A utility worker repairs an electrical line
A utility worker repairs an electrical line

Photograph by Chris Hondros/Getty Images.

We think of the smartphone revolution as primarily powered by geeks in Silicon Valley and Chinese parts assemblers, but all these ecosystems are built on a physical made-in-America backbone of utility towers that keep the whole thing running. Pro Publica’s Liz Day and PBS Frontline’s Ryan Knutson have teamed up for a fascinating look at the surprisingly high rates of death and injury in the small occupational niche that involves climbing these towers and making the system work. Unfortunately, I didn’t find “tower climbing, an obscure field with no more than 10,000 workers, has a death rate roughly 10 times that of construction” to be the clearest possible statistical explanation.

But according to the Bureau of Labor Statistics’ chart pack (PDF), construction is the fourth-deadliest sector, with 9.8 deaths per 100,000 after transportation and warehousing (13.7), mining (19.8), and the dread agriculture, forestry, fishing, and hunting (27.9). So if tower climbing is roughly 10 times deadlier than construction, that means it’s about 3.5 times deadlier than the deadliest sector that’s large enough to measure. In other words, it’s really, really deadly.

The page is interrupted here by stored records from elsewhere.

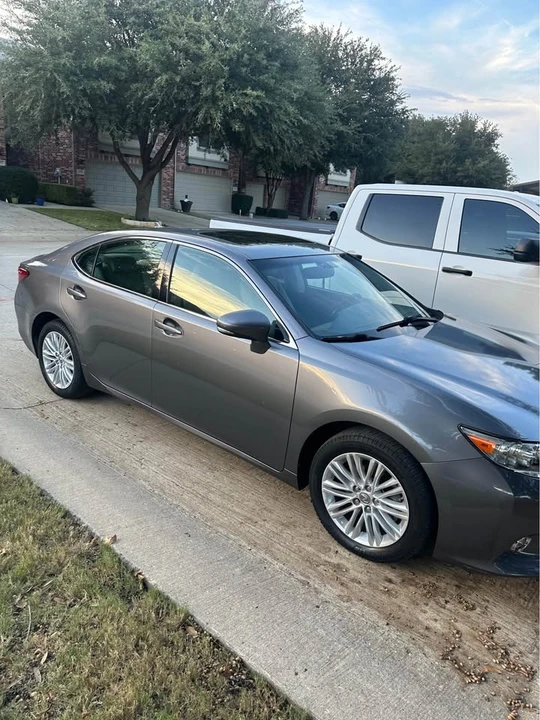 2014 Lexus ES 6th Gen - Image 3 of 19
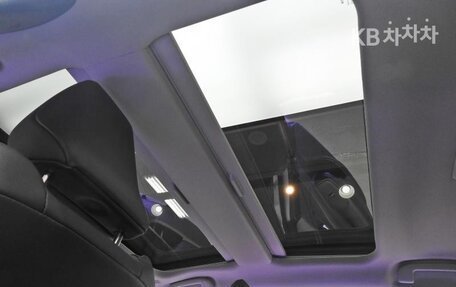 Toyota Prius IV XW50, 2024 год, 3 000 000 рублей, 6 фотография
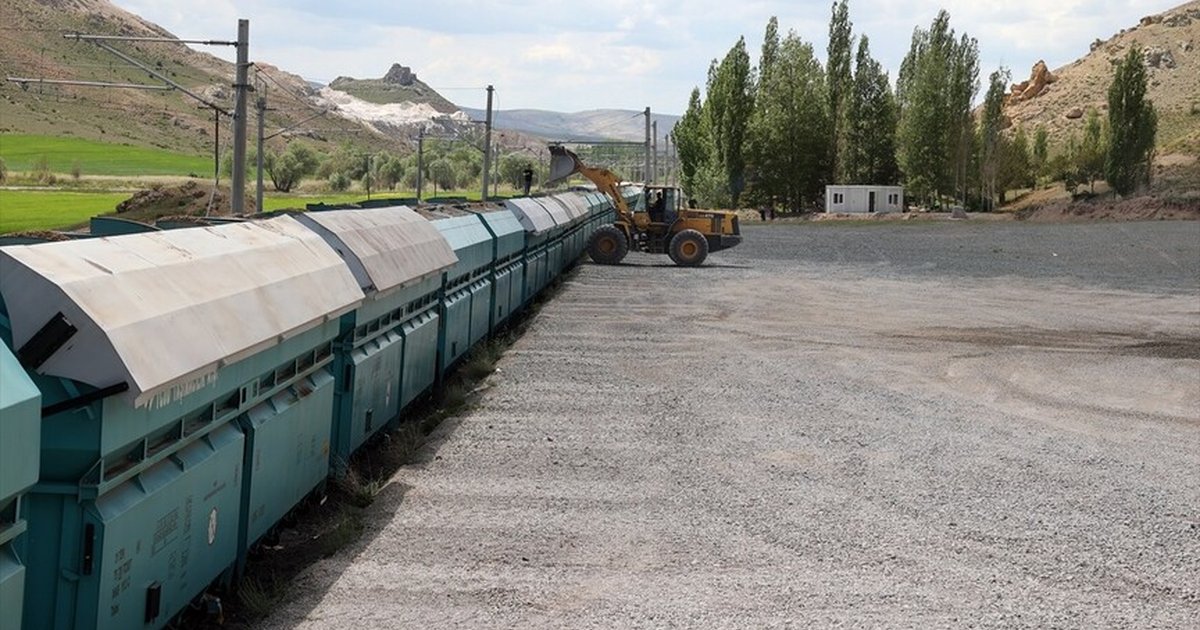 Sivas'ta taş taşıma maliyeti trenle yüzde 45 azaldı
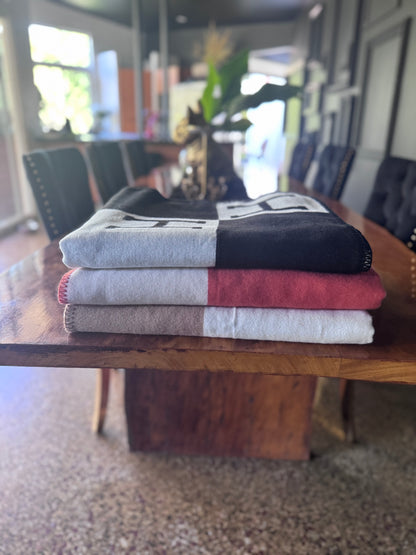 Replica H Blanket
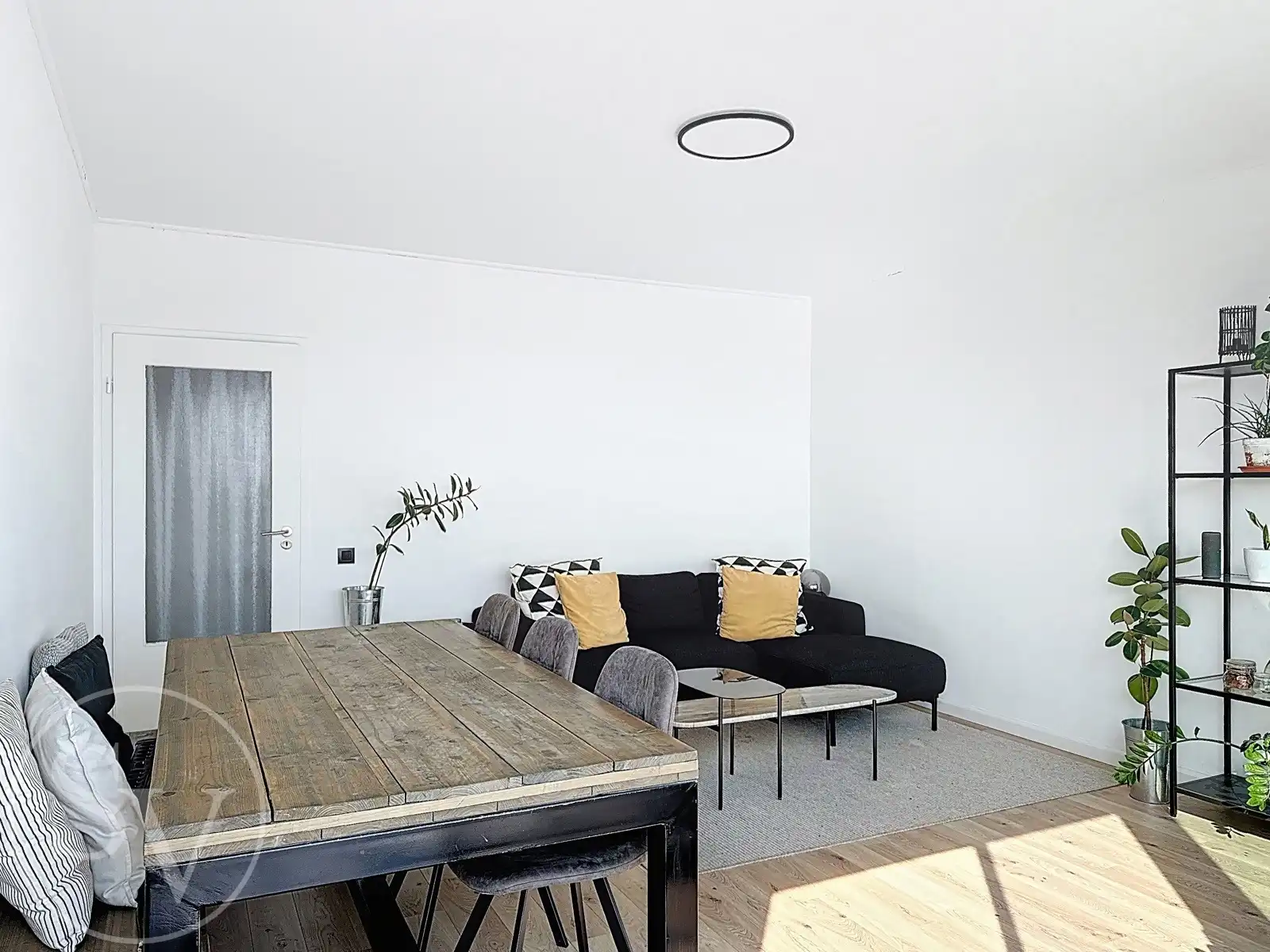 Semi bemeubeld appartementje. foto 5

Perhaps in part because the death toll is so high, cellphone network operators don’t employ these people directly. Consequently, no Verizon employees die climbing towers. Instead, the carriers rely on subcontractors that (among other things) help their brands avoid association with deadly falls and crippling injuries. Particularly poignant for longtime iPhone users like me is that by far the largest share of tower climbing deaths involved work on AT&T’s network and “The death toll peaked between 2006 and 2008, as AT&T merged its network with Cingular’s and scrambled to handle traffic generated by the iPhone.” I certainly remember spending plenty of time in that period being frustrated with AT&T’s oft-overburdened network wishing they’d find some way to hurry up and build it out faster. I certainly didn’t think of that as something people died doing even though, obviously, going way up high to the top of a tower is dangerous.